Exercise directions:
Look through the lines below, find those with the word "Waterproof", and copy them.

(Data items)
++++++
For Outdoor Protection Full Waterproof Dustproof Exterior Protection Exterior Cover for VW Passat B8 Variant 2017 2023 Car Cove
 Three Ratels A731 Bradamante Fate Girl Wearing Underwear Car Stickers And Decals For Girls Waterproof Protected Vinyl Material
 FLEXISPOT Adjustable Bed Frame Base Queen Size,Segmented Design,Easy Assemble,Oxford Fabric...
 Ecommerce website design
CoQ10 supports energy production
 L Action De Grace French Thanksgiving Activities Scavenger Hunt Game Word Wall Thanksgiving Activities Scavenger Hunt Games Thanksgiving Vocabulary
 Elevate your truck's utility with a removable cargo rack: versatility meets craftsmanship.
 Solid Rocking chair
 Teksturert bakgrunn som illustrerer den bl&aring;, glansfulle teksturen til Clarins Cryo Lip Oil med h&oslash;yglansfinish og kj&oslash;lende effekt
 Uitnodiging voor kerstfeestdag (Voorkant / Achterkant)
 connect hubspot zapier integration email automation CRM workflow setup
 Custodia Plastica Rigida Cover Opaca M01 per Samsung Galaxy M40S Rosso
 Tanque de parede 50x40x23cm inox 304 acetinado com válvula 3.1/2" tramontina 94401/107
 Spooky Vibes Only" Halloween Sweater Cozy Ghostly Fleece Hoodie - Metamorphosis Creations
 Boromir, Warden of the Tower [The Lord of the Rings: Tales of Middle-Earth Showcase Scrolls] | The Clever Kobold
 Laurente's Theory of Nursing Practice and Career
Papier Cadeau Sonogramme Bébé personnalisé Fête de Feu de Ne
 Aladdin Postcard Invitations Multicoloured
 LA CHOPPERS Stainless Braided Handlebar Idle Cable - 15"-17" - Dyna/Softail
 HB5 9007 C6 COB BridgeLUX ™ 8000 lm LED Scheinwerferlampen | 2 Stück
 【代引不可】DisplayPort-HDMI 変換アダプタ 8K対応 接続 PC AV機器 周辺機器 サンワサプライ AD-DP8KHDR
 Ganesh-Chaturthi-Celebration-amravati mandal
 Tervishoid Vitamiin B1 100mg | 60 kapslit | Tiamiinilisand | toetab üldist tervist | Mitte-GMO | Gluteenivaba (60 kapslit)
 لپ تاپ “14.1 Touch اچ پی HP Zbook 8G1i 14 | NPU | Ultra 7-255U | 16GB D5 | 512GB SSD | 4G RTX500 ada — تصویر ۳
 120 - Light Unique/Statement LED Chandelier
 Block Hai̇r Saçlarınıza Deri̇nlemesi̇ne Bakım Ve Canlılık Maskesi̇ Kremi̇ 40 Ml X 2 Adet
++++++
Solution for this task:
For Outdoor Protection Full Waterproof Dustproof Exterior Protection Exterior Cover for VW Passat B8 Variant 2017 2023 Car Cove
 Three Ratels A731 Bradamante Fate Girl Wearing Underwear Car Stickers And Decals For Girls Waterproof Protected Vinyl Material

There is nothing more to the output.